In detail, they want to keep almost all the 270-page document, including the entire first and second parts of the Constitution, and are prepared to rewrite some of the third section on the working of EU institutions so that it would be "clarified."

"The 2005 no vote was a hiccup," Giscard told Le Monde, in the authentic voice of the superior Eurocrat who knows better than the humble voters what is good for them. "Now, the economic and social climate has changed."

Segolene Royal and her top aides seem to agree. Her spokesman and chief foreign policy aide Gilles Savary, who is also a member of the European Parliament, says that the essence of the draft constitution can be contained in an ambitious new EU Treaty. And if what he calls the "ultra-Atlanticist" block led by Britain shrink from it, then the rest of Europe should go ahead regardless.

"Great Britain is absolutely indispensable to the European Union. It is great nation, a global power. But the question the English have to answer is -- do the English consider the English Channel to be wider than the Atlantic?

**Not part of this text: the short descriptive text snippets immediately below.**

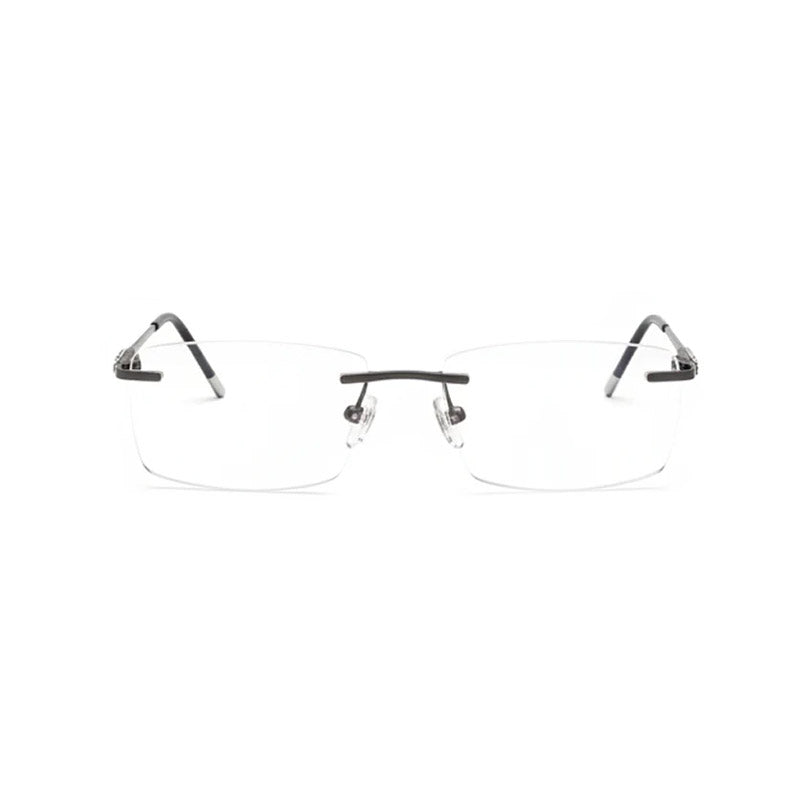 Rimless Rectangle Eyeglasses - Gunmetal Gray with Precision Temple Design-zoom-1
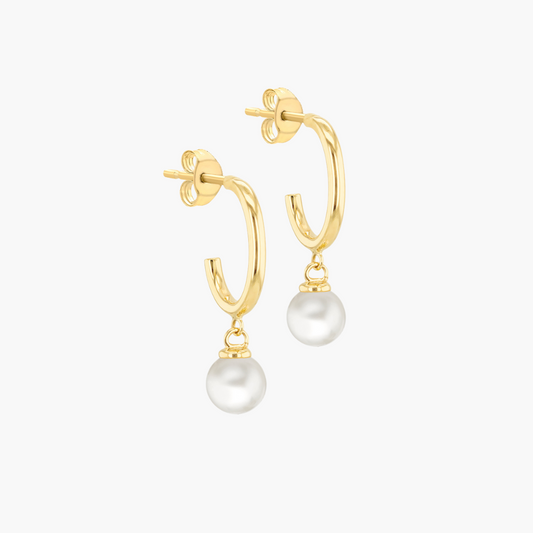 Irwin | 9ct Yellow Gold Fresh Pearl Drop Studs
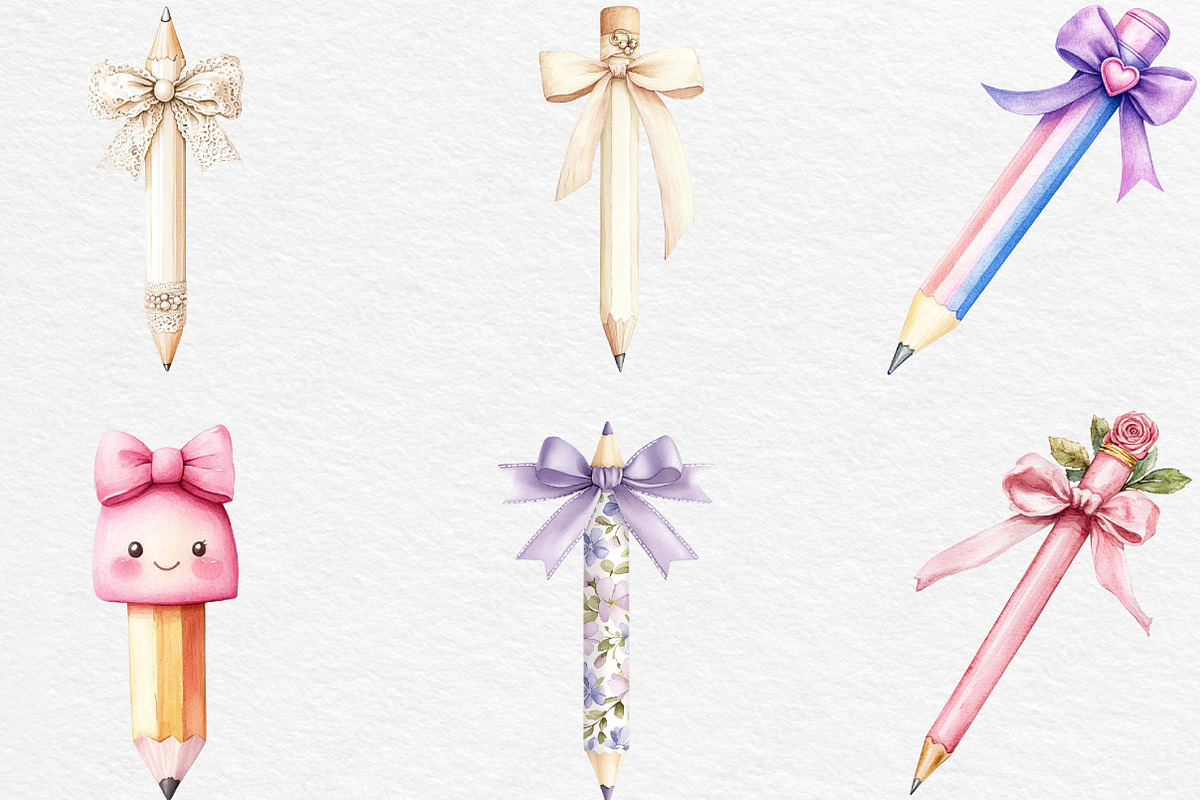 Pencil Bow Coquette Style Watercolor, an Illustration by Black Bird Studio (Photo 4 of 6)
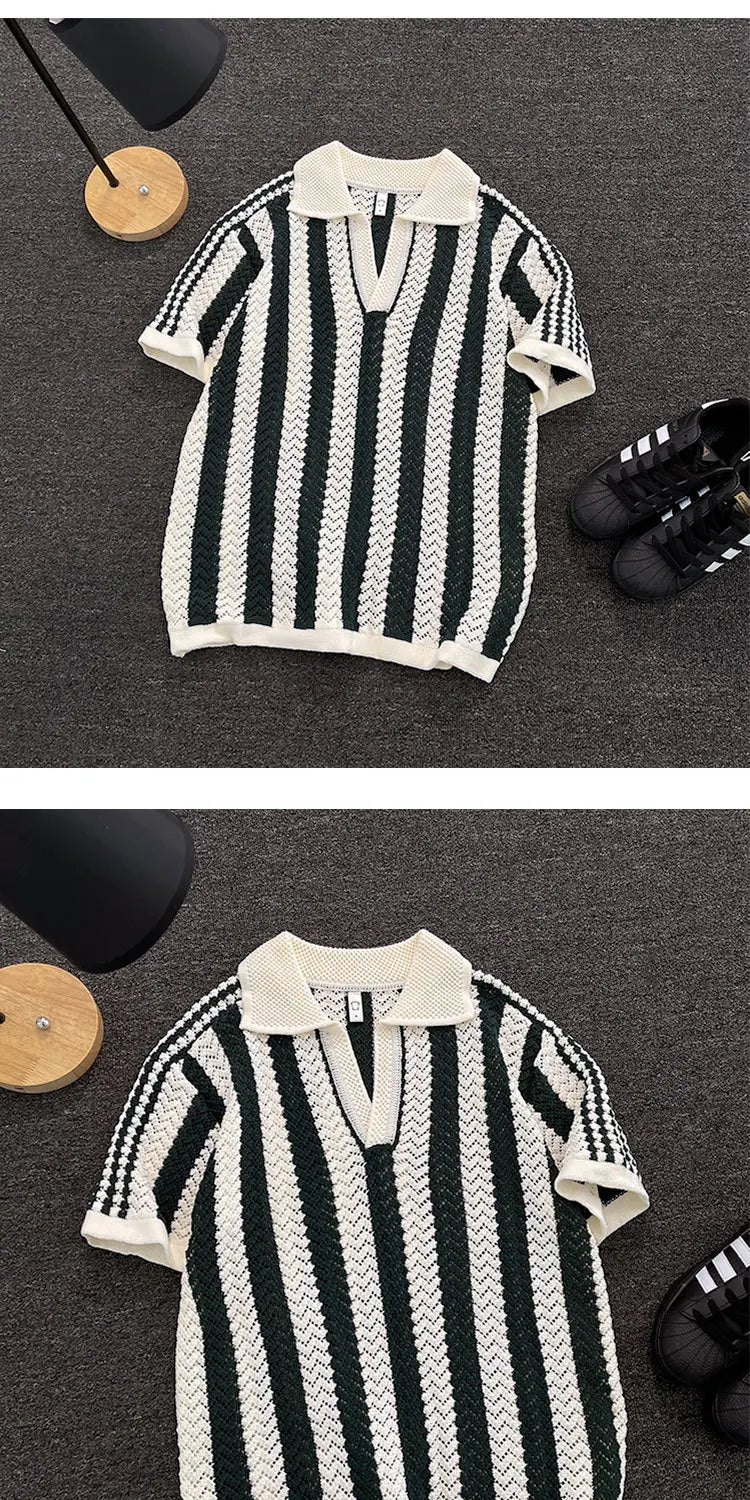 Men's Short Sleeve  Shirt Knitted Hollow out V-Neck Summer Breathable Stripe Pattern Versatile Casual T-Shirt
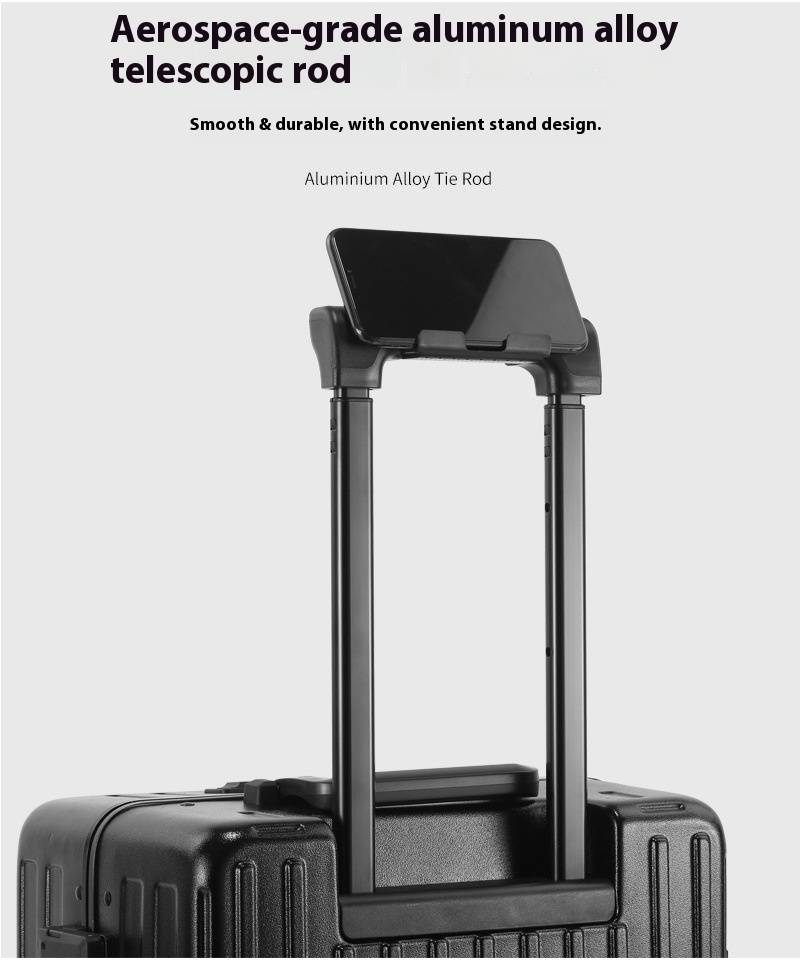 Bagaglio a mano resistente con telaio in alluminio, porta di ricarica USB, portabicchieri e supporto per telefono - Valigia leggera in ABS+PC per viaggi d'affari_voghion.com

We on the continent have the right to deplore the fact that Great Britain appears to consider the Channel is wider," Savary told the Daily Telegraph in an interview this week. "The question that needs to be asked is -- do we want to be vassals of the United States, do we want to be a 51st state?" Savary added. "We cannot have a Europe where one part goes to war in Iraq, another part does not, and we all end up paying the bill."

There is no guarantee that Segolene Royal will win, and if she does, the ambitious spending plans of her party's program look highly unrealistic. The Socialists plan to increase the current government's public spending by 32 percent over the next five years, an extra $60 billion a year that is mostly supposed to come from economic growth, assumed to be 2.5 percent a year. In the last quarter, French growth was zero.

Segolene Royal's rivals in next year's elections have yet to be decided, but her main opponent from the center-right seems likely to be the tough Interior Minister Nicholas Sarkozy. But already it seems that the left vote will be split between Royal and candidates from the Communist Party, from the Greens and from the far-left Trotskyists. If they take too many votes from her, then once again Jean-Marie Le Pen of the far-right Front National could nose ahead her in the first round of voting, just as the divided votes of the Left allowed him to beat the incumbent Socialist premier Lionel Jospin last time.

This looks unlikely. Segolene Royal is, at least for the moment, too popular and with too wide an appeal. But her triumphant drive to win the Socialist Party's nomination faltered in the public TV debates when she displayed an uncertain grasp of world affairs and a tendency to adopt controversial new policies on the spur of the moment. She will be sorely tested in a tough Presidential campaign, and looking at her policies, a lot of her European partners (not to mention many Americans) will be hoping that she fails.